Das BAG hat mit Urteil vom 31.3.2022 – 8 AZR 238/21 – entschieden:
1. Ein/e Bewerber/in für ein Beschäftigungsverhältnis erfährt eine unmittelbare Benachteiligung iSv. § 3 Abs. 1 AGG wegen seines/ihres Alters, wenn seine/ihre Bewerbung deshalb keinen Erfolg hat, weil er/sie als „externe/r“ Bewerber/in das gesetzlich festgelegte Alter zum Erreichen der Regelaltersrente bereits überschritten hat (Rn. 15).

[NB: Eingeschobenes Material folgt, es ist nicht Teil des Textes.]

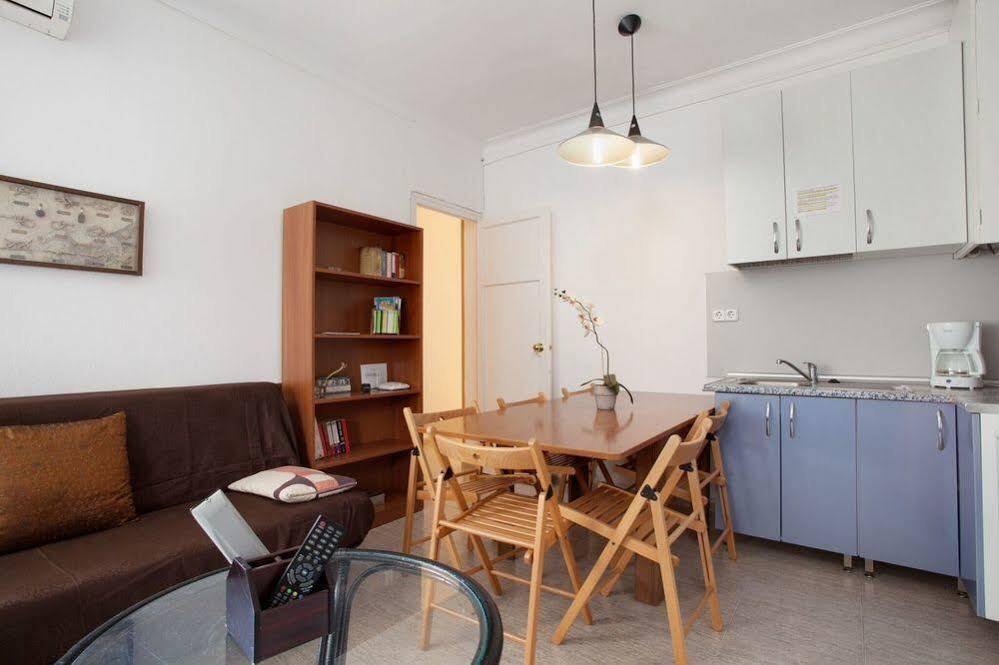 Apartamentos Tarradellas Sants Estacio Barcelona Eksteriør bilde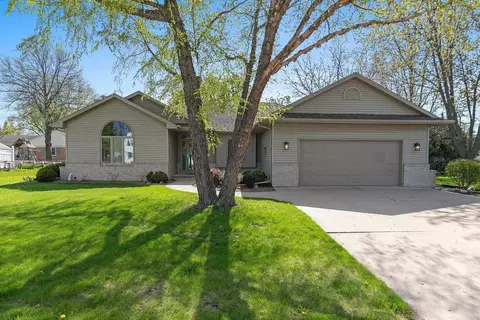 950 Pheasant Creek Dr, Oshkosh, WI 54904
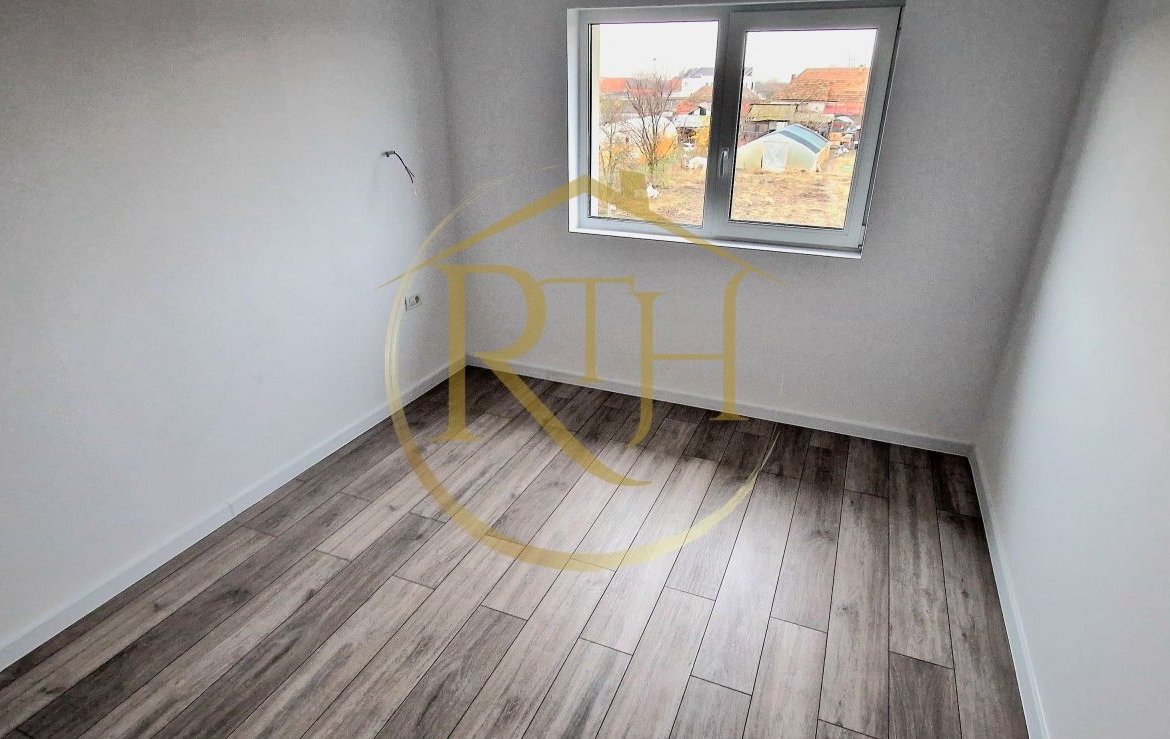 Duplex de vanzare cu 4 camere,2 bai,250 mp teren-Mosnita Veche zona Centrala.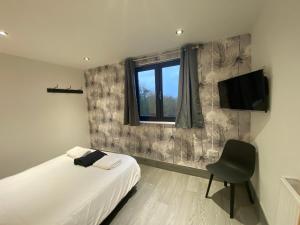 POPPY LUXURY LODGE Sleeps 8 at Fairview Farm, Ravenshead, Nottingham Near Sherwood Forest, Dog Friendly, Farm Stay great for wedding groups, families, Hen Dos, friends gatherings with amazing views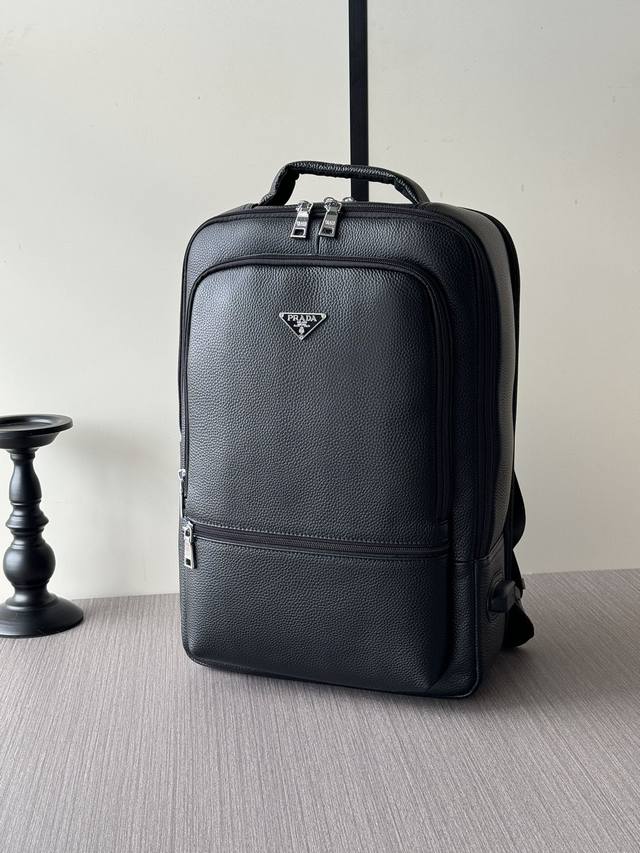 The latest and hottest Prada hand-held backpacks are shipped in large quantitie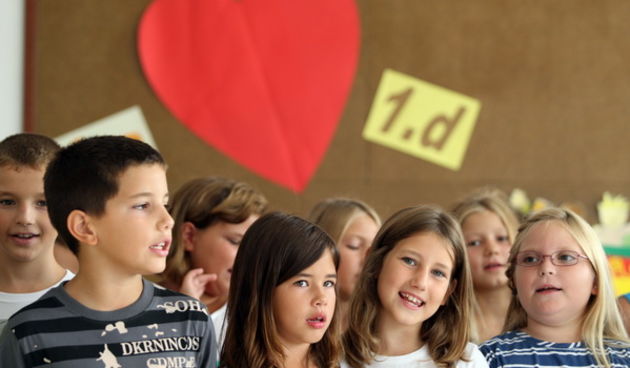 Zadar, 030912.
Gradonacelnik Zvonimir Vrancic obisao je skolu Zadarski otoci na Bilom Brigu, te je svim ucenicima u Zadru pozelio uspjesan pocetak nove skolske godine. 
Na fotografiji: ucenici. 
Foto: Jure Miskovic / CROPIX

2. Ob eine solche unterschiedliche Behandlung durch einen Arbeitgeber, der an die tarifliche Altersgrenze des § 33 TVöD gebunden ist und bei dem auf die Arbeitsverhältnisse der Beschäftigten regelmäßig der TVöD Anwendung findet, nach § 10 Satz 1 und Satz 2 AGG, Art. 6 Abs. 1 Unterabs. 1 der Richtlinie 2000/78/EG zulässig ist, bleibt offen.

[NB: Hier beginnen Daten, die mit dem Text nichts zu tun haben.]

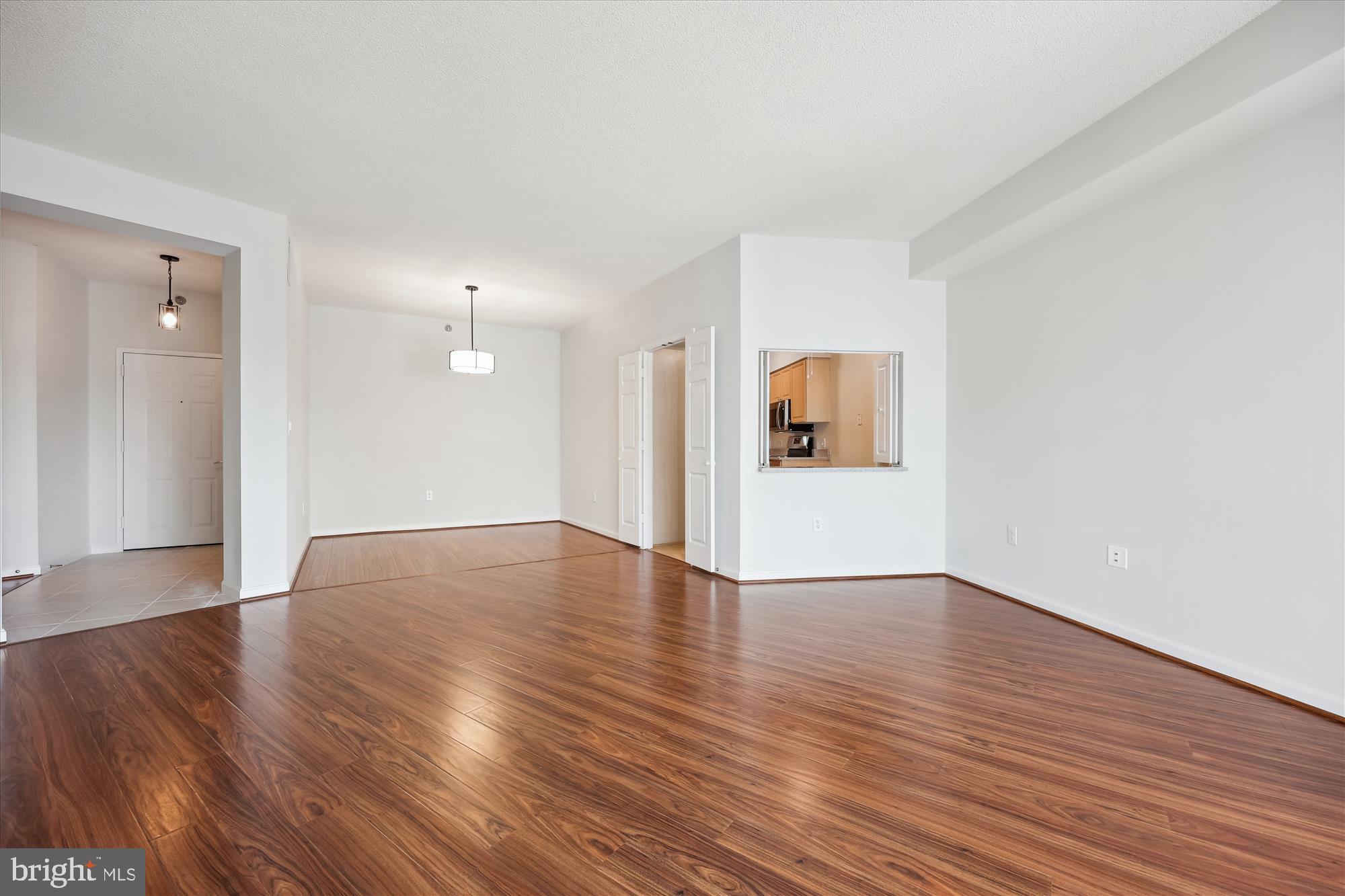 TURNBERRY COURTS AT LEIS - Residential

3. Allerdings ist eine Rechtfertigung der betreffenden unmittelbaren Benachteiligung wegen des Alters nach § 10 Satz 1 und Satz 2 AGG, Art. 6 Abs. 1 Unterabs. 1 der Richtlinie 2000/78/EG nicht von vornherein auszuschließen. Soweit der Arbeitgeber – anknüpfend an das Regelungsziel der tariflichen Altersgrenze – mit der Ablehnung „externer“ Bewerber/innen, die das Eintrittsalter für den Bezug einer Regelaltersrente bereits vollendet haben, das Ziel verfolgt, über eine bessere Beschäftigungsverteilung zwischen den Generationen den Zugang jüngerer Personen zur Beschäftigung zu fördern, stellt dies ein legitimes Ziel iSv. § 10 Satz 1 AGG, Art. 6 Abs. 1 Unterabs. 1 der Richtlinie 2000/78/EG dar. Jedenfalls in den Fällen, in denen für die zu besetzende Stelle ein/e geeignete/r Bewerber/in zur Verfügung steht, der/die die sog. Regelaltersgrenze noch nicht vollendet hat, oder es sich bei der Stelle um einen dauerhaft zu besetzenden Arbeitsplatz handelt, dürfte die auf das Überschreiten der sog. Regelaltersgrenze gestützte Ablehnung eines Bewerbers/einer Bewerberin zumindest dann iSv. § 10 Satz 2 AGG, Art. 6 Abs. 1 Unterabs. 1 der Richtlinie 2000/78/EG angemessen und erforderlich sein, wenn der/die abgelehnte Bewerber/in über auskömmliche Altersrentenbezüge oder entsprechende Pensionsansprüche verfügt (Rn. 20 ff.).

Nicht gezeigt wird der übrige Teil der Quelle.